DESCRIPTION (provided by applicant): This application to participate in the CCTRN proposes clinical research skills development program and phase l/ll randomized clinical trial evaluating the safety and efficacy of novel cell-based therapeutic strategy for idiopathic dilated cardiomyopathy (IDCM), a leading cause of heart failure (HF), death and disability. This trial will have major impact in the field of cell-baed therapy for IDCM as new approach to produce durable and sustainable improvements in heart function and to cause reverse remodeling. This trial is built on solid foundation of extensive preclinical and clinical work demonstrating that: 1) intramyocardial cell delivery can be safely and effectively performed using catheter based system in HF patients, and 2) bone marrow-derived mesenchymal stem cells (MSCs) are well tolerated, engraft in injured tissues, and stimulate endogenous cardiac stem cell (CSC) proliferation and differentiation. Accordingly, the hypothesis to be tested is that combining CSCs and MSCs will enhance the therapeutic efficacy relative to use of MSCs alone. The mechanism of action at phenotypic level will be assessed using cardiac MRI to measure regional and global LV function, tissue fibrosis, and tissue perfusion. Post-hoc analysis will be performed to test the hypothesis that in vitro assessments of cell morphology, cell surface markers, and cell colony growth potential may predict ability of individual patient's cells to improve cardiac measures. Cellular mechanisms of action of MSC therapy will be assessed by measuring capacity for endogenous CSC proliferation and differentiation. Endomyocardial biopsies will be obtained and tested for their capacity to yield endogenous CSCs. Our group has extensive experience with catheter delivery of MSCs in patients with ischemic and non-ischemic HF. Accordingly, this study is timely, warranted, and may have major health impact by addressing unmet need in IDCM patients. This program will break new ground in field by testing novel therapeutic approach, combining two cell types that together have synergistic properties demonstrated biologically. Together, these aims will advance our understanding of cell-based therapy for IDCM, with specific emphasis placed upon parameters of patient selection, cell delivery strategies, and the impact of novel cell formulations.
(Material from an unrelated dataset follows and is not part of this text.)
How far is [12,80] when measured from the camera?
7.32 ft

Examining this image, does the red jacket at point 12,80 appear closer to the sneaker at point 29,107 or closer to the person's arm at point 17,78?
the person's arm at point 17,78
描述（由申请人提供）： 本申请参与CCTRN提出的临床研究技能开发计划和I/II期随机临床试验，旨在评估特发性扩张型心肌病（IDCM）的新型细胞治疗策略的安全性和有效性，IDCM是心力衰竭（HF）、死亡和残疾的主要原因。这项试验将在IDCM的细胞治疗领域产生重大影响，作为产生持久和可持续改善心脏功能并引起逆转重塑的新方法。本试验建立在广泛的临床前和临床工作的坚实基础上，证明：1）在HF患者中使用基于导管的系统可以安全有效地进行心肌内细胞递送，2）骨髓源性间充质干细胞（MSC）耐受性良好，植入损伤组织，并刺激内源性心脏干细胞（CSC）增殖和分化。因此，待测试的假设是，相对于单独使用MSC，组合CSC和MSC将增强治疗功效。将使用心脏MRI评估表型水平的作用机制，以测量局部和整体LV功能、组织纤维化和组织灌注。将进行事后分析，以检验细胞形态、细胞表面标志物和细胞集落生长潜力的体外评估可预测个体患者细胞改善心脏指标的能力的假设。MSC疗法的细胞作用机制将通过测量内源性CSC增殖和分化的能力来评估。将获得肌内膜活检并测试其产生内源性CSC的能力。我们的团队在缺血性和非缺血性HF患者中导管输送MSC方面具有丰富的经验。因此，这项研究是及时的，有必要的，并可能通过解决IDCM患者未满足的需求产生重大的健康影响。该计划将通过测试新的治疗方法，结合两种具有生物学协同特性的细胞类型，在该领域开辟新天地。总之，这些目标将促进我们对IDCM细胞治疗的理解，特别强调患者选择参数，细胞递送策略和新型细胞制剂的影响。